Pubdate: Mon, 29 Sep 2003
Source: St. Petersburg Times (FL)
Copyright: 2003 St. Petersburg Times
Contact:  http://www.sptimes.com/
Details: http://www.mapinc.org/media/419
Author: William W. Douglas

ASHCROFT SEEMS TO HAVE A PASSION FOR PUNISHMENT

Re: Ashcroft: Go for more jail time, Sept. 23.

Here in the land of the free and the home of the brave, we have a
higher percentage of our population behind bars than any country in
the world. According to Amnesty International, our prison population
has tripled in the last 15 years. Our prison population, as a
percentage of our national population, is now three times larger than
Iran's, five times larger than Tanzania's, and seven times larger than
Germany's. For identical crimes, America metes out sentences that are
longer than those of any other industrialized nation.

Increasingly, according to Amnesty International, American prisoners
are subjected to electrical and chemical torture by prison guards, and
to rape by other prisoners.
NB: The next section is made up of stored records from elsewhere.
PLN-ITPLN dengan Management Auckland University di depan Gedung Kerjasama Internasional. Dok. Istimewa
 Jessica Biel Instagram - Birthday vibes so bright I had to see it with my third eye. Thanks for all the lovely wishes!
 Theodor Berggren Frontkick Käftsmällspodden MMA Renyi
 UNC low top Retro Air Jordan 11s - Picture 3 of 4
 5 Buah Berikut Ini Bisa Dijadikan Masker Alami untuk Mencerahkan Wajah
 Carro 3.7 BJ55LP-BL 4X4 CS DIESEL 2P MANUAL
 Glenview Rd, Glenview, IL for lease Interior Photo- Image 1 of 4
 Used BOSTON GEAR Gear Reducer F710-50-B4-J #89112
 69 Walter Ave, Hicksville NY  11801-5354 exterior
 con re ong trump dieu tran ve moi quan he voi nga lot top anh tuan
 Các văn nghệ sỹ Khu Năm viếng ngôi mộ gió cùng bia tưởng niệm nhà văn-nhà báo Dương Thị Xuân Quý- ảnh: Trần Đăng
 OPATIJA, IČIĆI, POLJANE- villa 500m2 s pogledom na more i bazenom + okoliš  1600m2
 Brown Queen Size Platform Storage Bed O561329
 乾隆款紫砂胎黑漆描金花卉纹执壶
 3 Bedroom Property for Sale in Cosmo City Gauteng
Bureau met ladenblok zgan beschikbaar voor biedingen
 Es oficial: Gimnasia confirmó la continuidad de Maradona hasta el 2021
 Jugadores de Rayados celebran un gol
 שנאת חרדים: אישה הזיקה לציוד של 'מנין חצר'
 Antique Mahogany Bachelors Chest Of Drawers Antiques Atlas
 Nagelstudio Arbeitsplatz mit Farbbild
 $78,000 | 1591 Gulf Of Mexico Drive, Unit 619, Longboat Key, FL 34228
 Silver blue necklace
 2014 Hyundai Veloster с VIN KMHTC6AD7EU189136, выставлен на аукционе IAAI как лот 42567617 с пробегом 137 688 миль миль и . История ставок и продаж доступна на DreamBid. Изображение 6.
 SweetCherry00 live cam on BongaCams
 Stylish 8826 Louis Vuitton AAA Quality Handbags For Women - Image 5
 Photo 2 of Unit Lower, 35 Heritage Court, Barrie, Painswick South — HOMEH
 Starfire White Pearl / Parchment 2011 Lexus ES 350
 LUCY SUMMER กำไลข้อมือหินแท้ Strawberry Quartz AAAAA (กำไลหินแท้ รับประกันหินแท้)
The result of this brutalization is a
vicious circle of higher recidivism, higher crime rates and higher
costs of maintaining prisons.

None of these facts seems to disturb the sleep of Attorney General
John Ashcroft, who wants to see our prison population rise even more.
He not only wants federal prosecutors to seek longer sentences, but
wants prosecutors to give him reports on judges who don't share
Ashcroft's desire for longer sentences. Ashcroft seems to derive some
incomprehensible pleasure (Schadenfreude as Germans call it) in
overseeing and adding to this social crisis.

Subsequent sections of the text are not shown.